This repository contains a benchmarking script for evaluating different machine translation models using BLEU score. The script uses the sacrebleu library to download test datasets, generate translations using your choice of models, and calculates BLEU scores to compare the performance of the models on the translation task.

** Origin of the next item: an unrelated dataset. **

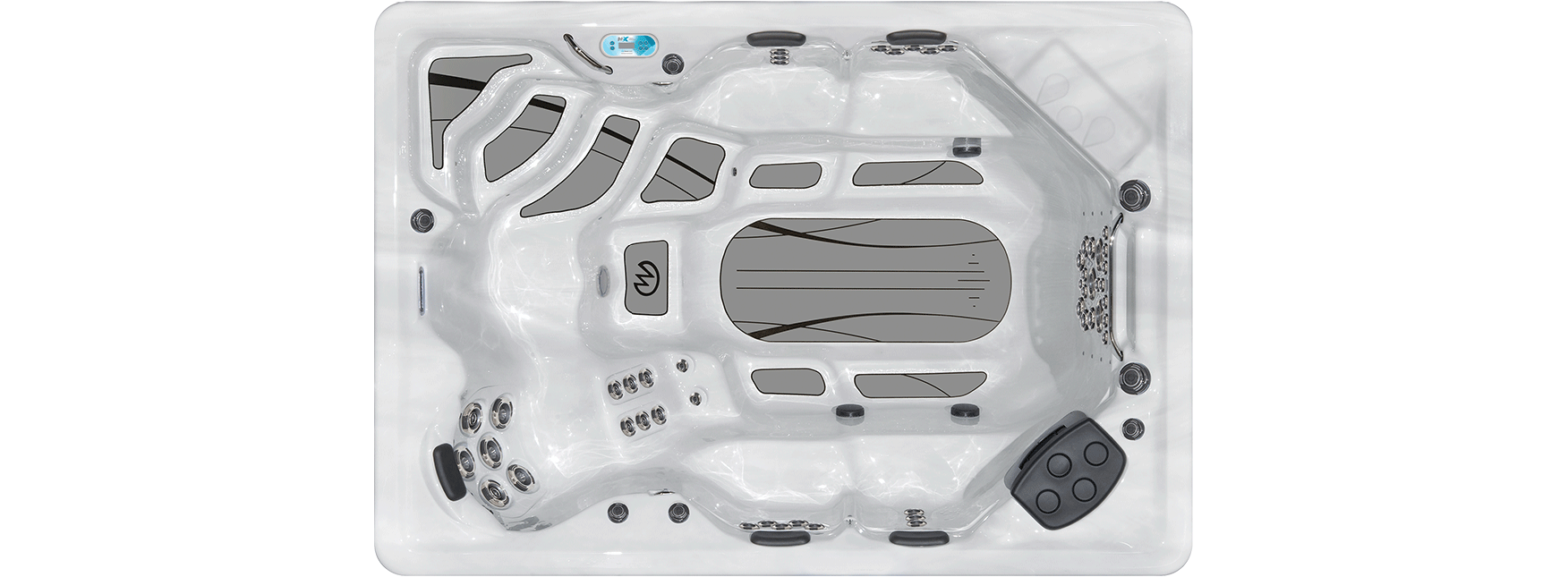 H2X Swim Spa Therapool D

All you need are model deployments in Gemini, Azure OpenAI, and/or OpenAI APIs.
-
Clone the repository:
git clone https://github.com/diondrapeck/machine-translation-eval.git cd machine-translation-eval -
Create and activate a virtual environment:
python3 -m venv venv source venv/bin/activate # unix venv\Scripts\Activate.ps1 # Powershell -
Install the required packages:
pip install -r requirements.txt -
Set up your environment variables by creating a .env file in the root directory of the project and adding your API keys. You only need to supply variables for the service providers your models are deployed on:
OPENAI_API_KEY = <> AZURE_OPENAI_ENDPOINT = <> AZURE_OPENAI_API_KEY = <> OPENAI_API_VERSION = <> GEMINI_API_KEY = <>
-
Update the candidate_models.json with your model deployments you want to test the translation on.
-
Run the benchmarking script with the desired arguments:
python model-benchmark.py --source_language en --target_language fr --chunk_size 100
Arguments
--target-language: 2 character ISO code of the target language to translate into.
--source-language: 2 character ISO code of the source language to translate from. Defaults to "en", for English
--chunk_size: The size of the text sample from the dataset to use for translation task. Defaults to 500 lines.